Bald kann man Twint wie eine Kreditkarte nutzen und die Zahlung um 30 Tage verschieben. Ist diese Twint-auf-Rechnung-Option sinnvoll? Gregor Mägerle, Leiter der Schuldenprävention Zürich, klärt über Risiken auf.
Herr Mägerle, was halten Sie von der neuen Funktion?
Das ist nicht nötig. Menschen, die etwas kaufen und das Geld dafür haben, brauchen diesen Aufschub nicht. Für Menschen, die in Raten zahlen wollen oder das Geld gar nicht haben, steigt das Risiko, dass sie sich verzetteln und zu viel kaufen. Deshalb steigt die Gefahr der Verschuldung mit dieser neuen Möglichkeit.
Ist die Gefahr der Verschuldung das Hauptrisiko oder gibt es weitere Risiken?
Das Hauptrisiko ist, dass man sich verliert und Dinge kauft, die man sich gar nicht leisten kann. Eine Ratenzahlung an und für sich ist für Notfälle gedacht. Bekomme ich eine Rechnung und kann diese nicht bezahlen, kann ich dann mit dem Gläubiger, der Gläubigerin anschauen, ob ich den Betrag in Raten abzahlen kann. Das gilt nur für den Notfall. Das soll nicht für normale Dinge sein, nicht für Luxus, und nicht für Dinge, die man nicht zwingend braucht. Da sollte man nur Geld einsetzen, das man hat.
Twint argumentiert mit einer grösseren Flexibilität. Was sagen Sie dazu?
Das Konzept von «buy now, pay later» ist nicht neu. Wieso Twint das nun auch anbieten will, verstehe ich nicht. Ein Vergleich: Viele Alkoholikerinnen und Alkoholiker sind froh um die Migros, in der man keinen Alkohol kaufen kann. Bei Twint sind Nutzerinnen und Nutzer vielleicht ebenfalls froh gewesen, dass sie die Zahlung nicht aufschieben können und sofort bezahlen müssen. Es gibt viele Personen, die Schwierigkeiten im Umgang mit Finanzen haben und deshalb bewusst keine Kreditkarte besitzen.

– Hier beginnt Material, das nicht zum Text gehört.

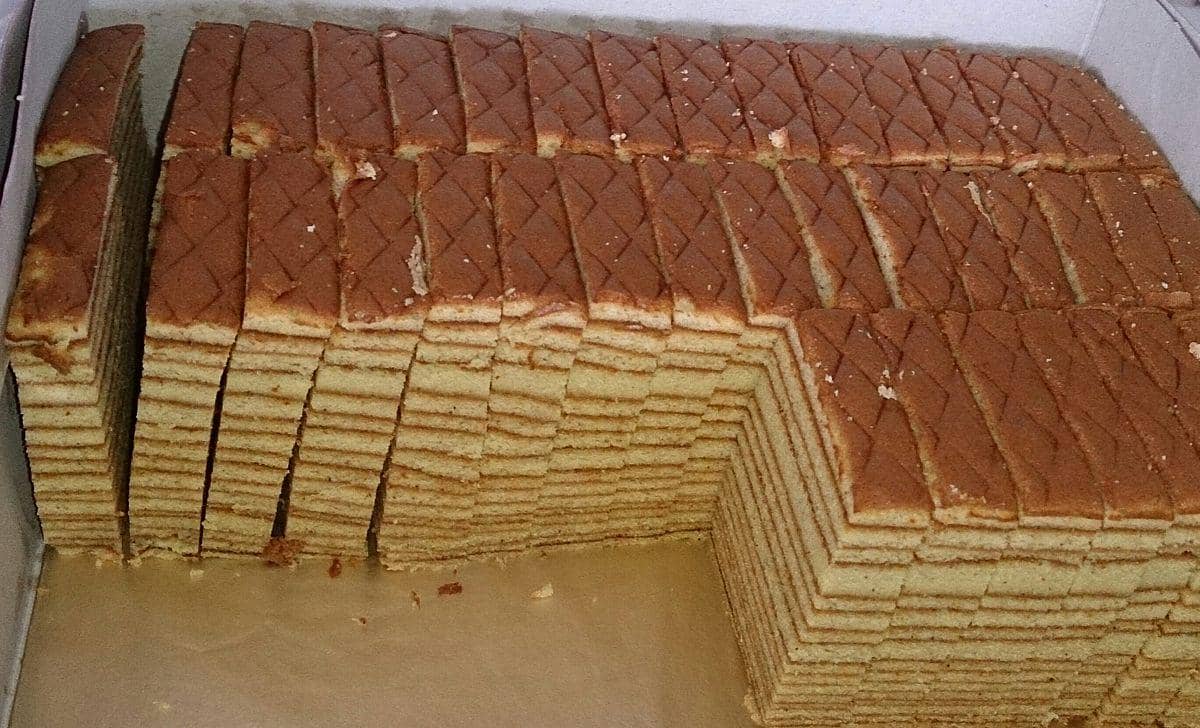 Potret kue lapis khas Tidore 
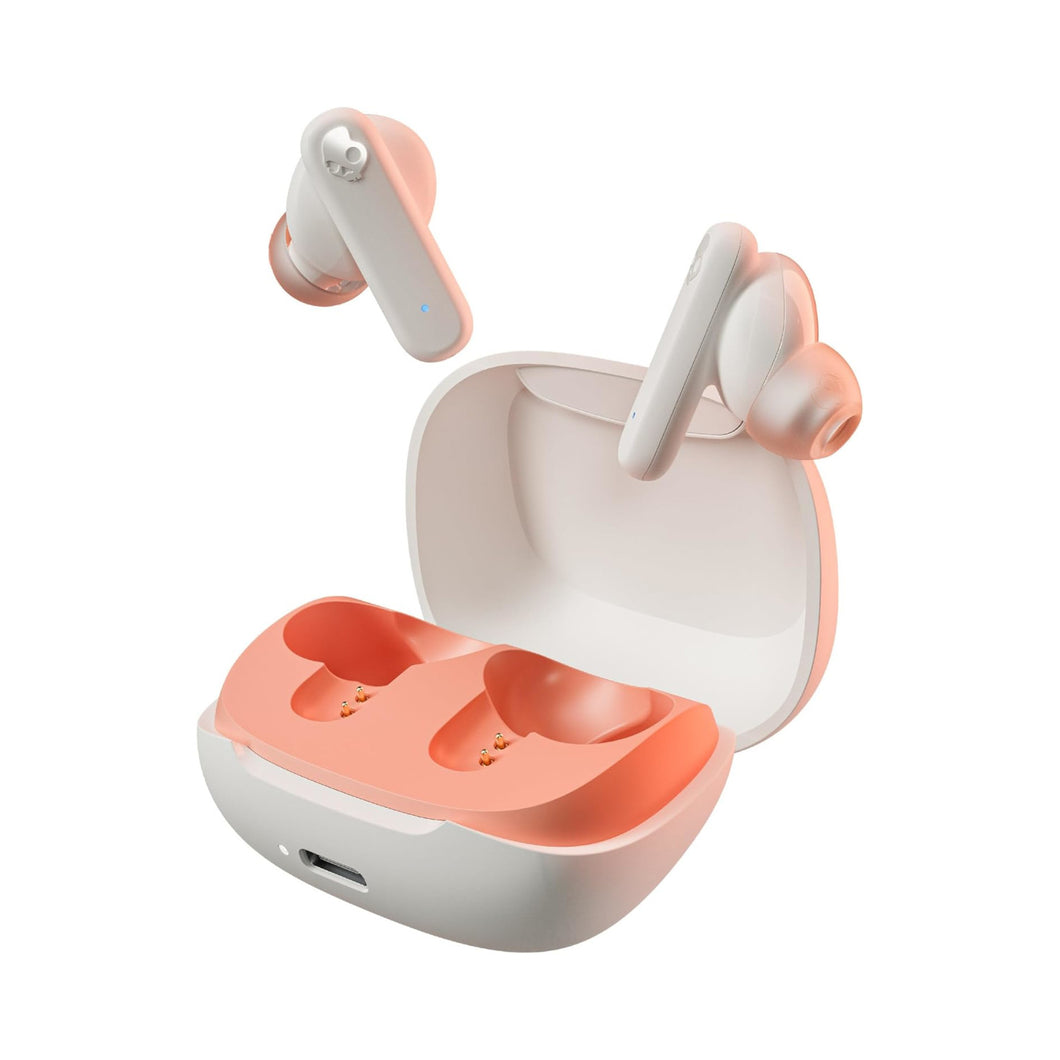 Skullcandy Smokin' Buds  Bone Orange Glow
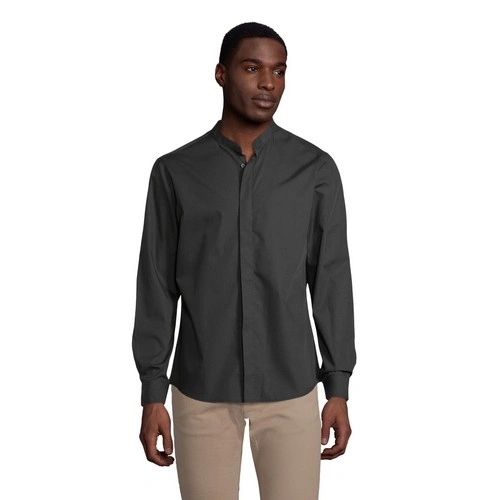 CAMISA DE HOMBRE CON CUELLO MANDARÍN NEOBLU BART MEN REF S03792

Gibt es trotzdem auch Vorteile?
Ich sehe keinen Grund dafür, dass die neue Zahloption sinnvoll sein sollte. Ich muss zuerst das Geld haben und dann etwas kaufen. Alles andere ist gefährlich und kann die Chance stark erhöhen, in eine Verschuldungssituation zu gelangen. Wer das Geld hat, braucht diese Funktion nicht. Wer das Geld nicht hat, trifft ein grösseres Risiko.